Alexia: Que vocês já sabem o nome, Marco. E nós vamos falar sobre um assunto que eu não comento muito porque não tem muito para quem comentar, na verdade. Mas que eu acho muito interessante para vocês. O meu pai teve algumas pessoas muito importantes brasileiras muito perto dele. E uma dessas pessoas, por exemplo, é o Tom Jobim. Vamos lá pai, explica quem é o Tom Jobim.
na verdade - really, in fact
Marco: Tom Jobim é um dos maiores compositores brasileiros, co-autor do Garota de Ipanema e ... Eu ficarei aqui meia hora falando as músicas dele. Uma pessoa excepcional, uma pessoa do bem, um poeta, um personagem.
Alexia: Em qual circunstância você o conheceu?
Marco: Eu. Um amigo me levou para almoçar numa churrascaria muito cafoninha, mas enfim.
cafona - tacky, cheesy (cafoninha is in the diminutive form)
Alexia: Qual era a churrascaria?
Marco: Ai meu Deus, eu não lembro mais o nome. Mas ela não existe mais, mas enfim… Isso daí. E o Tom Jobim fazia plantão lá. Ele ia para lá, comia e bebia, passava um tempo e os amigos sentavam na mesa e ele então se divertia lá. E esse amigo me levou para sentar na mesa com Tom Jobim, eu fiquei meio impressionado. Imagine eu e o Tom Jobim na mesa, respirando o mesmo ar, tal. E aí ele pegou e falou o que eu queria beber, eu falei que queria beber um refrigerante, uma coisa.
Ele falou: Não, não, não. Você tem que entender de política internacional. Eu falei: Como assim? Ele falou assim: Eu vou te fazer um drink que você vai beber, você vai se sentir muito bem e você vai entender todo mundo de hoje. Eu falei: está ótimo, obrigada. Aí ele chamou o garçom e mandou colocar uma garrafa de vodka na mesa e uma garrafa de whisky, whisky do Tennessee. Daí ele misturou…
Alexia: Detalhe, o meu pai não bebe, gente. Só para deixar bem claro. Meu pai bebe uma taça de vinho e já está pronto para ir dormir. Assim como eu.
Marco: Aí Ele misturou as duas bebidas, colocou um pouco de gelo e falou pronto. Agora você prova que você vai saber tudo dos Estados Unidos e tudo da União Soviética, você vai entender de política internacional.
Alexia: E era bom?
Marco: Não. Daí eu tomei fiz um brinde a paz mundial e depois de uma meia hora muita gente passava na mesa e falava: Fala Tonzinho, e ele abraçava dava beijo nas pessoas. Um ser humano raro que explica bem o tipo carioca, o tipo brasileiro. Um grande artista eterno.

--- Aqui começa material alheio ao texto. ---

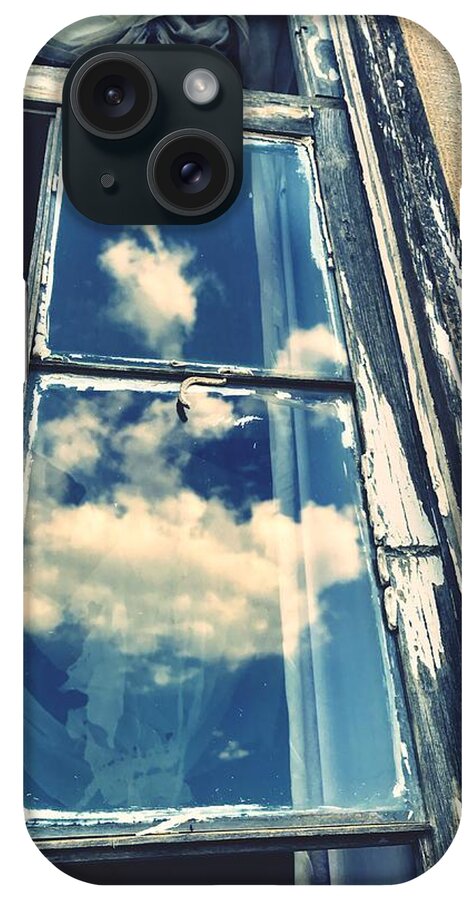 Window iPhone Case featuring the photograph In Through The Clouds by Brad Hodges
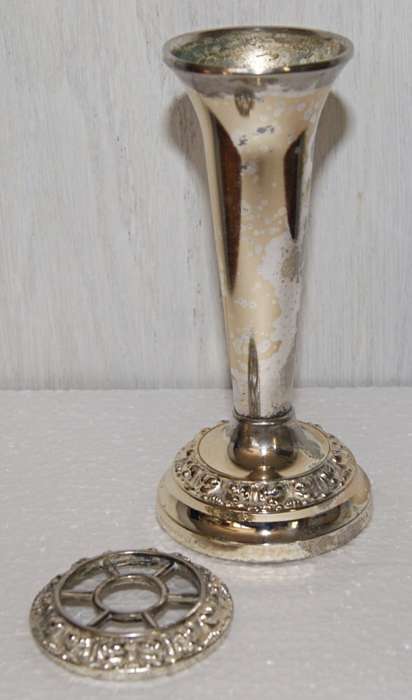 *REDUCED* EPNS Vase with Rose Top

Alexia: Teve então essa situação com o Tom. Foi a única?
Marco: Não foi a única e teve mais vezes, mas nenhuma foi engraçada. Tudo bem, Tom? Tudo bem. Como está? Sempre um beijo na testa mas não teve assim…
Alexia: Mas era beijo na testa mesmo?
Marco: Beijo na testa. Beijo na testa. Quando ele estava, suponho eu, no décimo drink. No primeiro drink era: olá tudo bem?
Alexia: Ele bebia bastante.
Marco: Bebia bastante, mas não ficava bêbado, não trocava perna.
Alexia: Ele sabia se comportar, digamos assim.
Marco: Sabia. E era daquele cara da Velha Guarda de Ipanema que bebia com moderação, vamos chamar assim. Bebia bastante mas não dava vexame, contrário.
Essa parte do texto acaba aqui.